Inspiration
When we started brainstorming ideas, we kept running into the same problem: most NLP hackathon projects felt like thin wrappers around existing language models. Paper summarizers, research chatbots, sentiment analyzers, and question answering tools are useful, but they are also things modern LLMs already do reasonably well with a couple prompts. We wanted to build something more analytical, a tool that uses computational linguistics to more quantitatively model the structure of scientific literature. Scientific research can be represented as claims, citations, methods, evidence, disagreements, and changes over time. We were interested in building a system that could represent those relationships directly. Our core motivation was that helping people understand scientific literature more clearly is a form of social good. Researchers, students, journalists, and policy analysts often need to understand not only what a paper says, but how it fits into a larger body of work. We wanted to build a tool that could help users reason about research areas at the level of claims, evidence, controversy, and methodological strength at both a qualitative and quantitative level that LLMs alone can't match.
What it does
Fieldscope is a local scientific literature analysis platform that turns collections of research papers into structured scientific landscapes.
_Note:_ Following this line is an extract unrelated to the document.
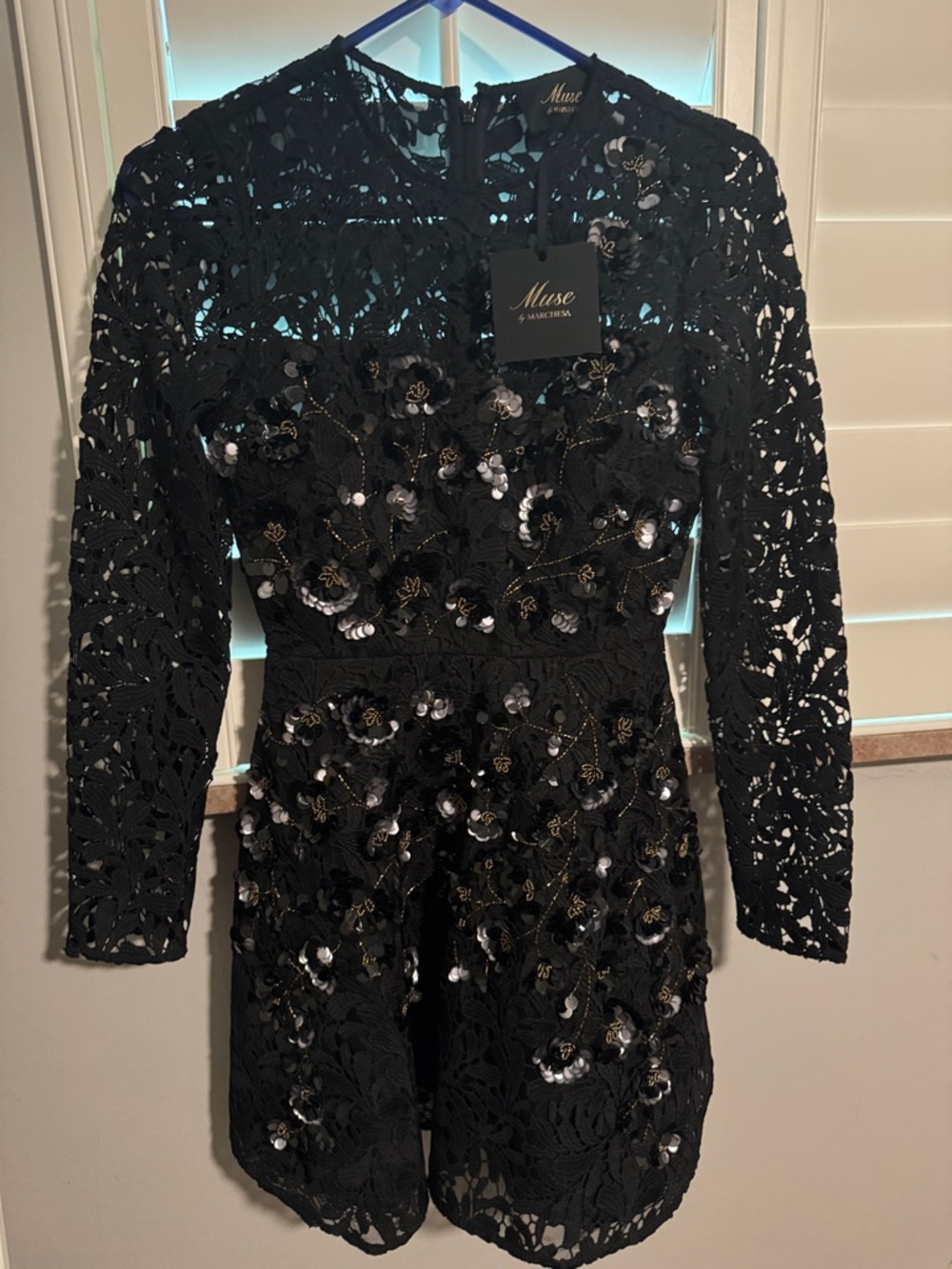 Muse by marchesa Black Lace Sequin dress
A user can create a landscape for a research area, upload individual papers or bulk upload multiple papers, and run analysis on that collection. The system parses each paper, extracts important claims, analyzes methodology and evidence, builds a graph of relationships between papers and claims, and generates landscape level insights.
The platform has two main workflows.
Scientific Landscape Building: Users create a topic-specific landscape, upload papers into it, and analyze the overall field. A landscape acts as a persistent collection of papers connected by claims, citations, methods, support relationships, contradictions, and semantic similarity.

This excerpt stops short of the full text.